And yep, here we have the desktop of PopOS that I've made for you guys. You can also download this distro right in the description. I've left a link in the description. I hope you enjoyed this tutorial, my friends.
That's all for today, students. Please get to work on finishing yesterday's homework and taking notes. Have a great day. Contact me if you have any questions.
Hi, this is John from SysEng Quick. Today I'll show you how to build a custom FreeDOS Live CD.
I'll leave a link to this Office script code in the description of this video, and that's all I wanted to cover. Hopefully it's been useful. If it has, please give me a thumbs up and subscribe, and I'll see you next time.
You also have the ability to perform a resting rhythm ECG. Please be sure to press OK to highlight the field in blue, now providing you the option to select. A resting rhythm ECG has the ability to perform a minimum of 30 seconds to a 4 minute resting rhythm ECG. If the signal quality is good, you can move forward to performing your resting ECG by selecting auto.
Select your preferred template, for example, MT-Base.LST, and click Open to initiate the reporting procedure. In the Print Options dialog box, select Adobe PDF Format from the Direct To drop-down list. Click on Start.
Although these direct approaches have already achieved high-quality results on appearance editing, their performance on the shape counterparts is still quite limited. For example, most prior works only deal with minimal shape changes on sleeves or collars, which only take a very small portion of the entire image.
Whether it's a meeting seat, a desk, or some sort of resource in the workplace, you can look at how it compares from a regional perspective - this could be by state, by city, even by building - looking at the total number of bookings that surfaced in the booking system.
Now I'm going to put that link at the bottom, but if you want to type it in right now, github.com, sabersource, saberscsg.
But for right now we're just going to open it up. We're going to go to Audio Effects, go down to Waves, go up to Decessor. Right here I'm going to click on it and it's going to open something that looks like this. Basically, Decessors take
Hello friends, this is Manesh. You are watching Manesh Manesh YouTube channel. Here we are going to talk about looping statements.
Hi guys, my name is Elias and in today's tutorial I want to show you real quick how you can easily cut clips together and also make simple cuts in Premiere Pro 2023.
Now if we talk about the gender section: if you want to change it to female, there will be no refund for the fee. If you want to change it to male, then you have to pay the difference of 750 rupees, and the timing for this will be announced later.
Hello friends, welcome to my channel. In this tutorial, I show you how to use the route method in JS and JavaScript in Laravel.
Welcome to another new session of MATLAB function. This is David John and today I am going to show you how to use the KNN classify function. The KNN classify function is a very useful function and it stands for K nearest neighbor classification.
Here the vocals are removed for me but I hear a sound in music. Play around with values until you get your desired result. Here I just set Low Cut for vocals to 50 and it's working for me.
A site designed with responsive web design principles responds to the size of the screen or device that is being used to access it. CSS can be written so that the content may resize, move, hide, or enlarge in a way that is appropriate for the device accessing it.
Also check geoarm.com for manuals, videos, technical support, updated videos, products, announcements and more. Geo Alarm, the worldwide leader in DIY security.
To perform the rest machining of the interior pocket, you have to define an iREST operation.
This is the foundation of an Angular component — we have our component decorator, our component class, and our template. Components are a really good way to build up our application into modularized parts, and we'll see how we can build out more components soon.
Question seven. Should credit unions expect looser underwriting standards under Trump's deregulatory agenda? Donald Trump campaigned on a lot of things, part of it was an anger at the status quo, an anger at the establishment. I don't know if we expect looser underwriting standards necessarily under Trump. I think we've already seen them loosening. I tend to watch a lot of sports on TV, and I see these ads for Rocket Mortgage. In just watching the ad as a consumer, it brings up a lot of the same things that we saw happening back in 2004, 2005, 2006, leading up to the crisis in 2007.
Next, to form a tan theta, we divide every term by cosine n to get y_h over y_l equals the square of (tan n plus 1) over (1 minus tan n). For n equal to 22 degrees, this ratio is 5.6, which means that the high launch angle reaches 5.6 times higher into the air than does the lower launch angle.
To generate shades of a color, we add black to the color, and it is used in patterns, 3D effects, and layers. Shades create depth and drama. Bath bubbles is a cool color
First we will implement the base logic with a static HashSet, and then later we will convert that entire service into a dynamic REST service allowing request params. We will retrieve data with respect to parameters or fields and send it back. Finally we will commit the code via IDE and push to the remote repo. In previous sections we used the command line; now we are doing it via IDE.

__Activity__
Retype the material above in full, exactly.

__Answer box__
And yep, here we have the desktop of PopOS that I've made for you guys. You can also download this distro right in the description. I've left a link in the description. I hope you enjoyed this tutorial, my friends.
That's all for today, students. Please get to work on finishing yesterday's homework and taking notes. Have a great day. Contact me if you have any questions.
Hi, this is John from SysEng Quick. Today I'll show you how to build a custom FreeDOS Live CD.
I'll leave a link to this Office script code in the description of this video, and that's all I wanted to cover. Hopefully it's been useful. If it has, please give me a thumbs up and subscribe, and I'll see you next time.
You also have the ability to perform a resting rhythm ECG. Please be sure to press OK to highlight the field in blue, now providing you the option to select. A resting rhythm ECG has the ability to perform a minimum of 30 seconds to a 4 minute resting rhythm ECG. If the signal quality is good, you can move forward to performing your resting ECG by selecting auto.
Select your preferred template, for example, MT-Base.LST, and click Open to initiate the reporting procedure. In the Print Options dialog box, select Adobe PDF Format from the Direct To drop-down list. Click on Start.
Although these direct approaches have already achieved high-quality results on appearance editing, their performance on the shape counterparts is still quite limited. For example, most prior works only deal with minimal shape changes on sleeves or collars, which only take a very small portion of the entire image.
Whether it's a meeting seat, a desk, or some sort of resource in the workplace, you can look at how it compares from a regional perspective - this could be by state, by city, even by building - looking at the total number of bookings that surfaced in the booking system.
Now I'm going to put that link at the bottom, but if you want to type it in right now, github.com, sabersource, saberscsg.
But for right now we're just going to open it up. We're going to go to Audio Effects, go down to Waves, go up to Decessor. Right here I'm going to click on it and it's going to open something that looks like this. Basically, Decessors take
Hello friends, this is Manesh. You are watching Manesh Manesh YouTube channel. Here we are going to talk about looping statements.
Hi guys, my name is Elias and in today's tutorial I want to show you real quick how you can easily cut clips together and also make simple cuts in Premiere Pro 2023.
Now if we talk about the gender section: if you want to change it to female, there will be no refund for the fee. If you want to change it to male, then you have to pay the difference of 750 rupees, and the timing for this will be announced later.
Hello friends, welcome to my channel. In this tutorial, I show you how to use the route method in JS and JavaScript in Laravel.
Welcome to another new session of MATLAB function. This is David John and today I am going to show you how to use the KNN classify function. The KNN classify function is a very useful function and it stands for K nearest neighbor classification.
Here the vocals are removed for me but I hear a sound in music. Play around with values until you get your desired result. Here I just set Low Cut for vocals to 50 and it's working for me.
A site designed with responsive web design principles responds to the size of the screen or device that is being used to access it. CSS can be written so that the content may resize, move, hide, or enlarge in a way that is appropriate for the device accessing it.
Also check geoarm.com for manuals, videos, technical support, updated videos, products, announcements and more. Geo Alarm, the worldwide leader in DIY security.
To perform the rest machining of the interior pocket, you have to define an iREST operation.
This is the foundation of an Angular component — we have our component decorator, our component class, and our template. Components are a really good way to build up our application into modularized parts, and we'll see how we can build out more components soon.
Question seven. Should credit unions expect looser underwriting standards under Trump's deregulatory agenda? Donald Trump campaigned on a lot of things, part of it was an anger at the status quo, an anger at the establishment. I don't know if we expect looser underwriting standards necessarily under Trump. I think we've already seen them loosening. I tend to watch a lot of sports on TV, and I see these ads for Rocket Mortgage. In just watching the ad as a consumer, it brings up a lot of the same things that we saw happening back in 2004, 2005, 2006, leading up to the crisis in 2007.
Next, to form a tan theta, we divide every term by cosine n to get y_h over y_l equals the square of (tan n plus 1) over (1 minus tan n). For n equal to 22 degrees, this ratio is 5.6, which means that the high launch angle reaches 5.6 times higher into the air than does the lower launch angle.
To generate shades of a color, we add black to the color, and it is used in patterns, 3D effects, and layers. Shades create depth and drama. Bath bubbles is a cool color
First we will implement the base logic with a static HashSet, and then later we will convert that entire service into a dynamic REST service allowing request params. We will retrieve data with respect to parameters or fields and send it back. Finally we will commit the code via IDE and push to the remote repo. In previous sections we used the command line; now we are doing it via IDE.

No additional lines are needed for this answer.